White nationalist Richard Spencer has reportedly been banned from over two dozen European countries.
Poland's state-run news agency reports the country's authorities issued a five-year ban on Spencer entering the Schengen Area, which is made up of 26 countries, including Germany, France, Spain and Italy.
The Schengen zone is a "border-free area" in which member states agreed to abolish internal border controls. Citizens of the 26 countries can travel freely within the Schengen Area and are only checked when crossing an external border.
Spencer already has a rocky history with Poland.

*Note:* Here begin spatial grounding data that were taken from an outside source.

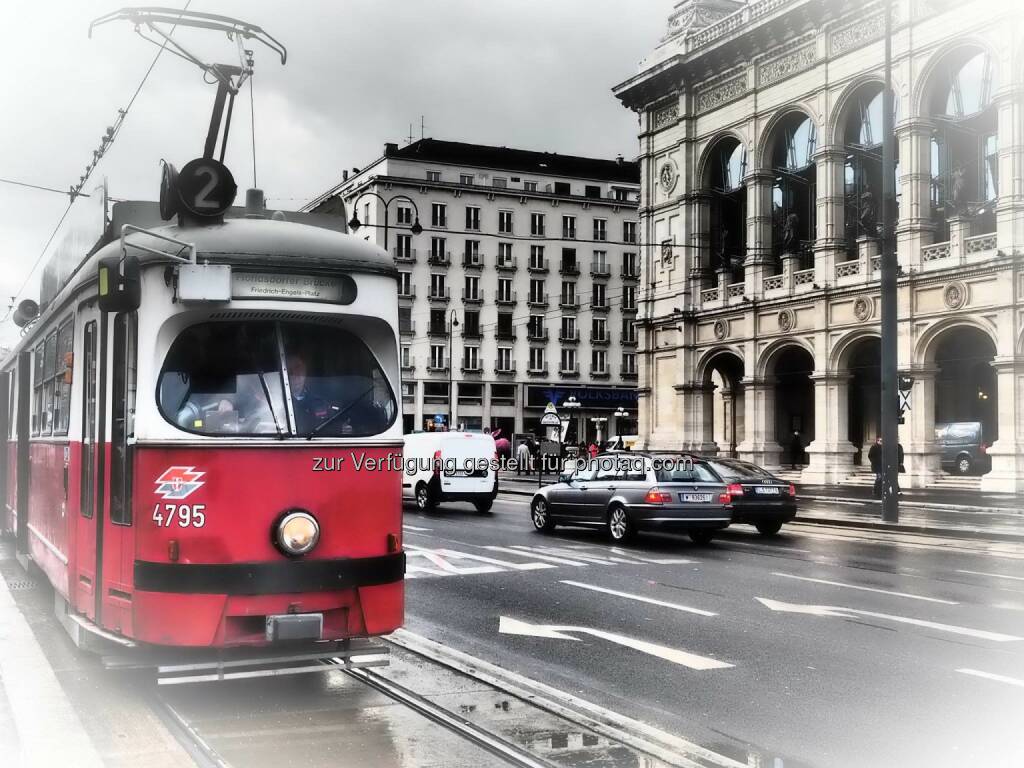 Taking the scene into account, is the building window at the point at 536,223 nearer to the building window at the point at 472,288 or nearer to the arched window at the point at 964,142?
the building window at the point at 472,288

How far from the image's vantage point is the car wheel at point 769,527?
20.3 m

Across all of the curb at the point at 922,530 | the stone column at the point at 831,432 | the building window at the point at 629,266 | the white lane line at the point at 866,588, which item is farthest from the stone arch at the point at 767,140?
the building window at the point at 629,266

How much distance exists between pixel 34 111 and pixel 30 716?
17.3 feet

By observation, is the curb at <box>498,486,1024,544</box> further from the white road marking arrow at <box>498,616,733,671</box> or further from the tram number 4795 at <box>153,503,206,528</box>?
the tram number 4795 at <box>153,503,206,528</box>

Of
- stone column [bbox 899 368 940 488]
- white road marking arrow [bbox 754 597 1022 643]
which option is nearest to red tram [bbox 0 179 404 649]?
white road marking arrow [bbox 754 597 1022 643]

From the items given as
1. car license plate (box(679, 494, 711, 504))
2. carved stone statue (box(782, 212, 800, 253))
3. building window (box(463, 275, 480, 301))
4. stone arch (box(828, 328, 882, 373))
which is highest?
building window (box(463, 275, 480, 301))

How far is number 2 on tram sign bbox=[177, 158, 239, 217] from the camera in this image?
729 centimetres

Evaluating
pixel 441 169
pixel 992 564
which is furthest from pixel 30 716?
pixel 441 169

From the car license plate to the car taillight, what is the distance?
8.6 inches

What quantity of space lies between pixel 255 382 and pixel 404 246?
7760 cm

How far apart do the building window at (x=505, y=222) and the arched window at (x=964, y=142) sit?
173 feet

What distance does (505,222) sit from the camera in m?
87.3

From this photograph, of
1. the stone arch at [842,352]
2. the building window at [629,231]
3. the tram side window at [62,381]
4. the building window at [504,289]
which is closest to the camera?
the tram side window at [62,381]

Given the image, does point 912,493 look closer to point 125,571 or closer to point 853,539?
point 853,539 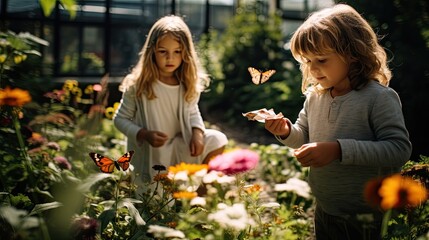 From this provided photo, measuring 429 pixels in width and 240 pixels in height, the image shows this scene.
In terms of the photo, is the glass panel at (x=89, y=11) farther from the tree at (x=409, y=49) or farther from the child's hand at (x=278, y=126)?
the child's hand at (x=278, y=126)

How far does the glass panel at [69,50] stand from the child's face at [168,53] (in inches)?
168

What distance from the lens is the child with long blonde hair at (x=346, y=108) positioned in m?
1.88

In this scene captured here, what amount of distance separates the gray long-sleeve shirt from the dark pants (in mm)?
37

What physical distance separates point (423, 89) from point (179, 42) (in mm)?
2366

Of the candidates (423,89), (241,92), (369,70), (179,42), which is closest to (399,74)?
(423,89)

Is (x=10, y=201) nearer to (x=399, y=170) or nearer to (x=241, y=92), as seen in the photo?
(x=399, y=170)

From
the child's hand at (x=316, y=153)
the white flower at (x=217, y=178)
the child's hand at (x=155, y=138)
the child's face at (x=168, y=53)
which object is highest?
the child's face at (x=168, y=53)

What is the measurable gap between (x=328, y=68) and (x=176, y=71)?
1.29 m

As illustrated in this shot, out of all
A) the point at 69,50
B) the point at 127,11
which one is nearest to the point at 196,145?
the point at 69,50

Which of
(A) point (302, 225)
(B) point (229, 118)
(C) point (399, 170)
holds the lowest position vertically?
(B) point (229, 118)

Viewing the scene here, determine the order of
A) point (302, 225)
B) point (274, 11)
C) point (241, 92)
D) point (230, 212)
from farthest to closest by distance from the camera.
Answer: point (274, 11) → point (241, 92) → point (302, 225) → point (230, 212)

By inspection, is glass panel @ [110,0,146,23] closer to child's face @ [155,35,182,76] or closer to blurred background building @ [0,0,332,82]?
blurred background building @ [0,0,332,82]

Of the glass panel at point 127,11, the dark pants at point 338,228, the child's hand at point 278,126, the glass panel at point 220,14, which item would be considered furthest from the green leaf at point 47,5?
the glass panel at point 220,14

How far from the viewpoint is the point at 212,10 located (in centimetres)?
827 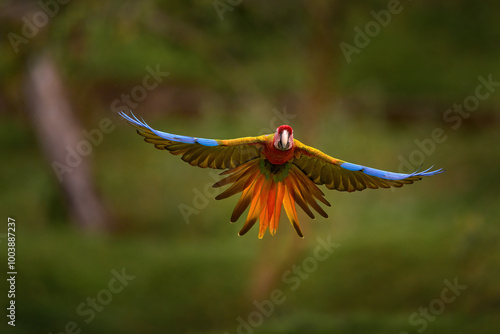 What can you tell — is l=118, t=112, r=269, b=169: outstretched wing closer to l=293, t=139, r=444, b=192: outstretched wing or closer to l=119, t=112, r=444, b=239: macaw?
l=119, t=112, r=444, b=239: macaw

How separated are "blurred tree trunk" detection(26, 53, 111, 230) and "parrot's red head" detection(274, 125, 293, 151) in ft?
38.1

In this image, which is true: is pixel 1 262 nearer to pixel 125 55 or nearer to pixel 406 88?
pixel 125 55

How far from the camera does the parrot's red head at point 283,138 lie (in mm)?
2264

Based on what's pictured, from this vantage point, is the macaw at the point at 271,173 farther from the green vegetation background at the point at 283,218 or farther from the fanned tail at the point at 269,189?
the green vegetation background at the point at 283,218

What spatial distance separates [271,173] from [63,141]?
11736mm

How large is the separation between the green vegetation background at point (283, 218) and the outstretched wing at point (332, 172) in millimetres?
4900

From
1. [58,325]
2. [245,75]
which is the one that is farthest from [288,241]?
[58,325]

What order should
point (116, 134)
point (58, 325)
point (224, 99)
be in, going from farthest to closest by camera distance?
point (116, 134), point (224, 99), point (58, 325)

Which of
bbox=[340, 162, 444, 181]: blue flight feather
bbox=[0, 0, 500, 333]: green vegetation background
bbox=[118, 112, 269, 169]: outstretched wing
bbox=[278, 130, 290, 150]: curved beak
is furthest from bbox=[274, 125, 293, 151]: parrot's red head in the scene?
bbox=[0, 0, 500, 333]: green vegetation background

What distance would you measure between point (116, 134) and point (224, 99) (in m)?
6.35

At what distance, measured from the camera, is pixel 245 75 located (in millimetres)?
10766

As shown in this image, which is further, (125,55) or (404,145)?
(125,55)

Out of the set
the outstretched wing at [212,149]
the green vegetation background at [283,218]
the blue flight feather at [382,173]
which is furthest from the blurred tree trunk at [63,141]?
the blue flight feather at [382,173]

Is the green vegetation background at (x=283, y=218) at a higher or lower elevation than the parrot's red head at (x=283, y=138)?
higher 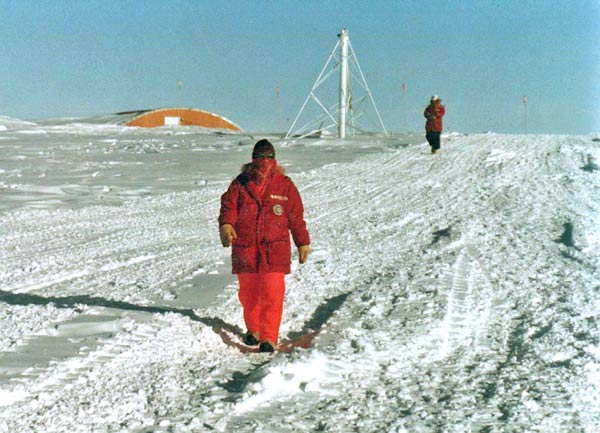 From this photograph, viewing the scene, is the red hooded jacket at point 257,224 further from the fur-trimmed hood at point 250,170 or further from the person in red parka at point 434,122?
the person in red parka at point 434,122

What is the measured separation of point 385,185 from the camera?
15.4 m

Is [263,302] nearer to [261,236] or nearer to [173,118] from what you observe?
[261,236]

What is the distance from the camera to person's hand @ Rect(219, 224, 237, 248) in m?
5.32

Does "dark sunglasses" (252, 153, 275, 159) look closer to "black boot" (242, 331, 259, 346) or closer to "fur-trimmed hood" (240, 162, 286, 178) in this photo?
"fur-trimmed hood" (240, 162, 286, 178)

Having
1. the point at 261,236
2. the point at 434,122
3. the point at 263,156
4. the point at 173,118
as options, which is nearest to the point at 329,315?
the point at 261,236

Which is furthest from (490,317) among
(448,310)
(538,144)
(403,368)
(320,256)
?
(538,144)

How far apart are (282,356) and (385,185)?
10.8 metres

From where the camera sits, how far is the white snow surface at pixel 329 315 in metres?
3.96

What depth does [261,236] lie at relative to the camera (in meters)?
5.45

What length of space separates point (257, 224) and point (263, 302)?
524 millimetres

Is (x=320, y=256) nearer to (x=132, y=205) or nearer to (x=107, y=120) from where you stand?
(x=132, y=205)

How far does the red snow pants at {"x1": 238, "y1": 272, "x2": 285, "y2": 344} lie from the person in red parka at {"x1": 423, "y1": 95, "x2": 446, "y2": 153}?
15.1m

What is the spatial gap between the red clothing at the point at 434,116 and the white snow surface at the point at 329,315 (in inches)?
206

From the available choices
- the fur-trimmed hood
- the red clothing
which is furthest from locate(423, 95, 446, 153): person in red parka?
the fur-trimmed hood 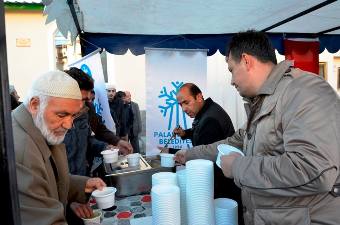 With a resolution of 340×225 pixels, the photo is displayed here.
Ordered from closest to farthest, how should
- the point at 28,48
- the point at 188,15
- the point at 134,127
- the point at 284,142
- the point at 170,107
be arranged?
the point at 284,142 → the point at 188,15 → the point at 170,107 → the point at 134,127 → the point at 28,48

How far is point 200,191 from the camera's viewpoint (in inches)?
49.1

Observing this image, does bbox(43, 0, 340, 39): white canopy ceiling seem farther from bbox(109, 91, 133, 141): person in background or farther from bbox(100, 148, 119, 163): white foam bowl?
bbox(109, 91, 133, 141): person in background

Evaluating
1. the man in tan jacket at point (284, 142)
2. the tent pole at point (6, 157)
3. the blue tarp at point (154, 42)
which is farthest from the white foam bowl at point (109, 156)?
the blue tarp at point (154, 42)

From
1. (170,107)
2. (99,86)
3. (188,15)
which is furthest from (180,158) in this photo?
(170,107)

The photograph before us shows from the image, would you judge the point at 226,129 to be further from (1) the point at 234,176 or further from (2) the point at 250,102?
(1) the point at 234,176

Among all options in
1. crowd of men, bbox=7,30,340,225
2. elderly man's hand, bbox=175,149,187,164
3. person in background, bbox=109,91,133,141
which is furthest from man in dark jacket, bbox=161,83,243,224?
person in background, bbox=109,91,133,141

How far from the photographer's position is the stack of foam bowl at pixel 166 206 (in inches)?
46.8

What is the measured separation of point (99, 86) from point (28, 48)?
7050 millimetres

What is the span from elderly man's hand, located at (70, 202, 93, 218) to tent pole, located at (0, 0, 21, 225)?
975 millimetres

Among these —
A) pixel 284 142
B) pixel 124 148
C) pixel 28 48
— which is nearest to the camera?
pixel 284 142

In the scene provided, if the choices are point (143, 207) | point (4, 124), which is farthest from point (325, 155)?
point (143, 207)

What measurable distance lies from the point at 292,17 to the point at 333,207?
2.67m

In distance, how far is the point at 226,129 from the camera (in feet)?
8.04

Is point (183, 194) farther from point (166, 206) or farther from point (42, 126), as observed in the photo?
point (42, 126)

In early November, he was scheduled to attend a far-right conference in Warsaw, but the country's foreign ministry pushed back on his plans.
The ministry said that "as a country which was one of the biggest victims of Nazism," it thinks the ideas Spencer and his followers promote may be "a threat to all those who hold dear the values of human rights and democracy."
Spencer's a leader of the so-called "alt-right," a white nationalist group. He took part in the deadly white nationalist rally in Charlottesville, Virginia, in August, which drew "alt-right" activists, neo-Nazis and members of the Ku Klux Klan, among others.
Spencer was reportedly banned from the Schengen Area for three years in 2014 after he was arrested in Hungary and deported. Spencer told The Associated Press he will try to contest the new ban.